Who can write what about whom?

In the news recently, Anthony Horowitz reveals that his editor has warned him off writing a black character into his next book. As he comments, that would be a pity, because if he only wrote characters that he represented himself, he would be restricted to 62 year-old white, male, Jewish men living in London! https://www.theguardian.com/books/2017/may/21/anthony-horowitz-i-was-warned-off-including-black-character

As writers we cannot possibly be restricted to our own gender, race, age group, nationality. We need to be able to write about anybody, anytime, anywhere. Obviously, we owe it to our readers to research whatever area we choose, whether it is part of our own inheritance or not. Some years ago I was asked to review a book of poems by Micheal O’Siadhail called The Gossamer Wall. It is a sequence about the Holocaust and results from a series of interviews of Holocaust survivors carried out by O’Siadhail. But as a Jewish reviewer, and I was reviewing for the cultural journal, Jewish Renaissance, I suddenly felt indignant. What was this probably Catholic Irishman doing with my history? And then I remembered the poems I had written about Ireland and Irish history. I had lived in Belfast for two years so at the time felt involved in questions of Irish identity, coloured by being asked more than once if I was a Catholic Jew or a Protestant Jew. In the end, I somehow let O’Siadhail off my ownership hook, because Irish people and Jewish people have a common heritage in being the victims of persecution. But in fact, that wasn’t a good enough reason.

I’ve more than once been in difficulties dealing with race and religion but I decided a writer has to face this out; otherwise our own identities become strait jackets which restrict us and prevent us from exploring more widely. One of my pieces of advice to myself and students who are at a loss about what to write next, is to suggest we say to ourselves, what if? So we might be writing about a white woman in her seventies based on a grandmother who has dementia. But what if we change that and write about an Asian grandfather who is still active and thoughtful. There are some things which are difficult to write about if you haven’t experienced them: at least the old have been young, though they may have forgotten, but the young have never been old; and most of us probably stay the same gender and race through our lives. It’s not patronising to write about people different from ourselves: it requires research, imagination and empathy.
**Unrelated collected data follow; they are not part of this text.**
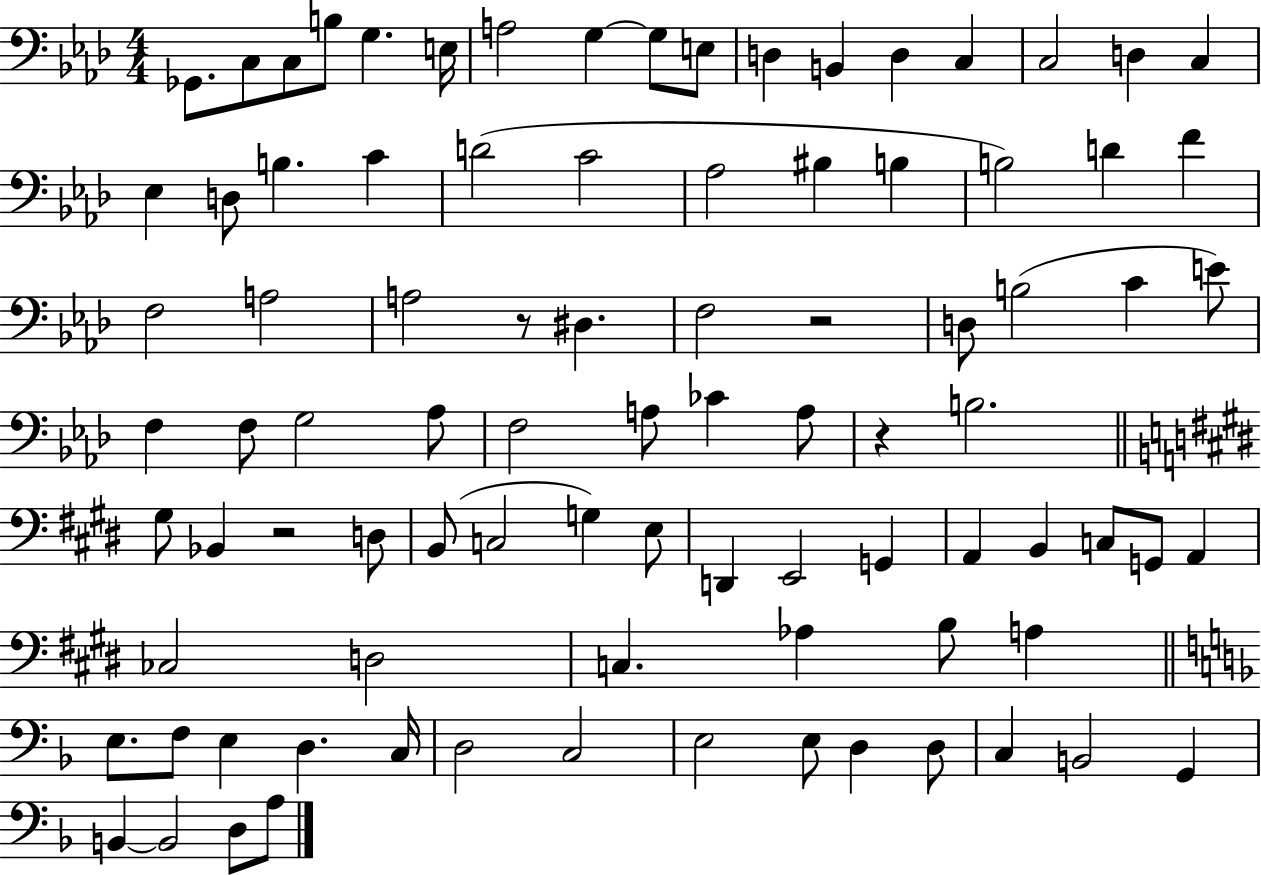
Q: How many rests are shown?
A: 4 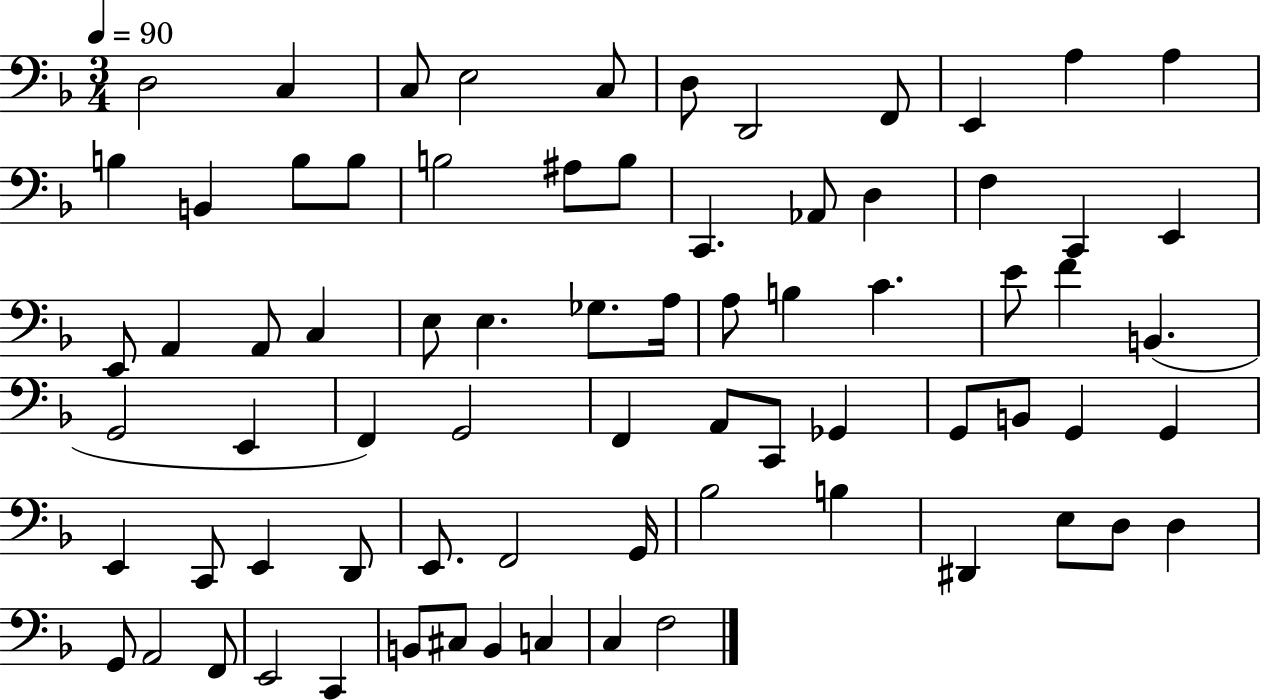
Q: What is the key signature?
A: F major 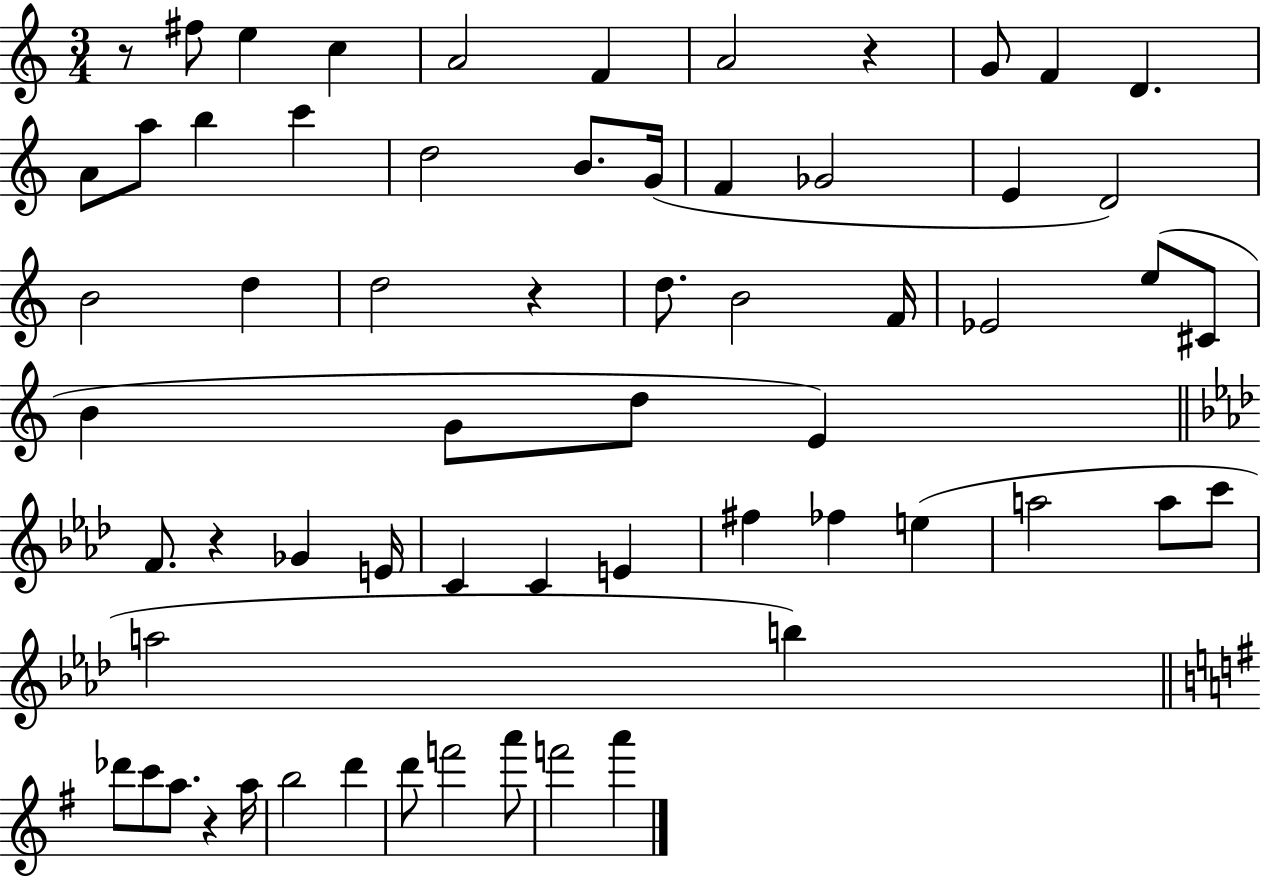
{
  \clef treble
  \numericTimeSignature
  \time 3/4
  \key c \major
  r8 fis''8 e''4 c''4 | a'2 f'4 | a'2 r4 | g'8 f'4 d'4. | \break a'8 a''8 b''4 c'''4 | d''2 b'8. g'16( | f'4 ges'2 | e'4 d'2) | \break b'2 d''4 | d''2 r4 | d''8. b'2 f'16 | ees'2 e''8( cis'8 | \break b'4 g'8 d''8 e'4) | \bar "||" \break \key f \minor f'8. r4 ges'4 e'16 | c'4 c'4 e'4 | fis''4 fes''4 e''4( | a''2 a''8 c'''8 | \break a''2 b''4) | \bar "||" \break \key g \major des'''8 c'''8 a''8. r4 a''16 | b''2 d'''4 | d'''8 f'''2 a'''8 | f'''2 a'''4 | \break \bar "|."
}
Nathan Englander, American writer, says although he finds his stories contain a lot of Jewish characters because those are the people he knows, his writing is about people, and he doesn’t choose Jewish characters on purpose: “I came to understand that if a story is not universal, it’s an utter failure to me. I always use Voltaire as an example. I’m not dead, I’m not a Frenchman, I’m not 400 years old, but I can read a translation of “Candide” and laugh out loud. That’s what universal is.”

But that is reading, of course, not writing. You write what has universal appeal to readers through your knowledge of the particular. But I would argue that as writers we can all learn to make use of each other’s particular histories and personalities. Colum McCann’s article in the Guardian Review, So you want to be a writer? advises us: “Don’t write what you know. A writer is an explorer…… The only true way to expand your world is to inhabit an otherness beyond ourselves. There is one simple word for this: empathy.”

So if we want to grab other people’s histories and stories we have to let other people grab ours and hopefully we should all be the better for it. There are risks: we may not get it right, we may offend but who said writing was a safe and comfortable occupation. McCann quotes from Vonnegut: “We have to continually be jumping off cliffs and developing our wings on the way down.” You have to do your best to develop those wings and be prepared to face the consequences if someone, as in Anthony Horowitz’s case, tries to pull the wings off you before you’ve even jumped.